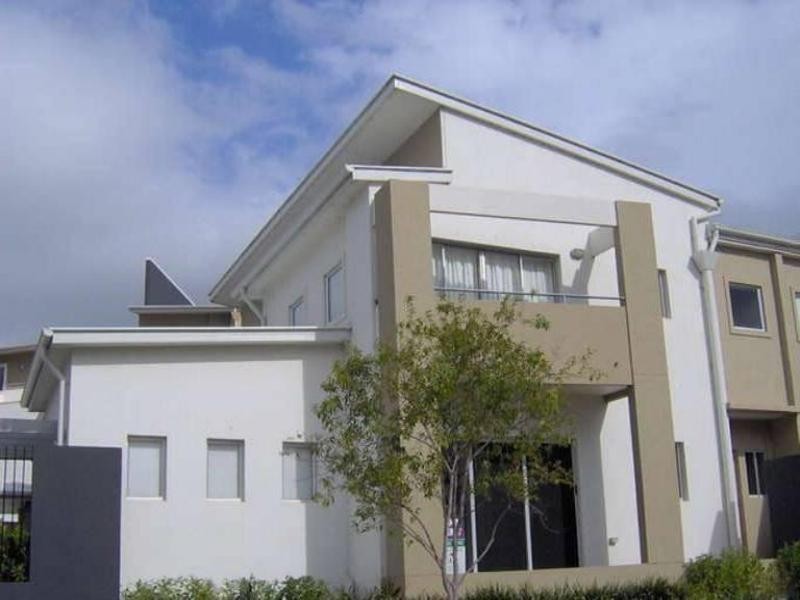 2/10 Valbonne Street, Varsity Lakes QLD 4227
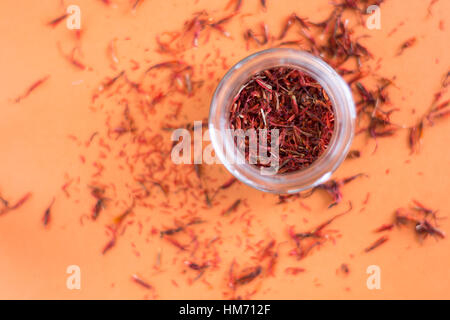 Petit pot de safran sur fond orange Banque D'Images
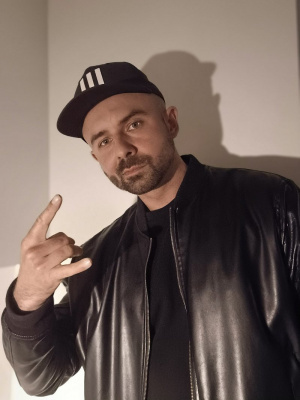 hand, jacket, outerwear, textile, beard, hat, leather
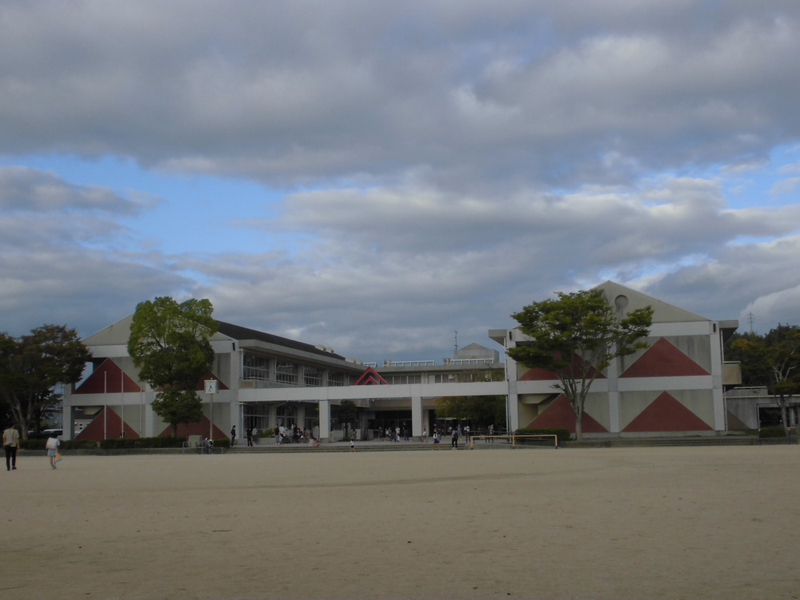 【セントラル向陽台の小学校】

§ WHAT YOU SHOULD DO:
The output is to be the material in full and unaltered, with pictures omitted.

§ ANSWER BOX:
 2/10 Valbonne Street, Varsity Lakes QLD 4227
 Petit pot de safran sur fond orange Banque D'Images
 hand, jacket, outerwear, textile, beard, hat, leather
 【セントラル向陽台の小学校】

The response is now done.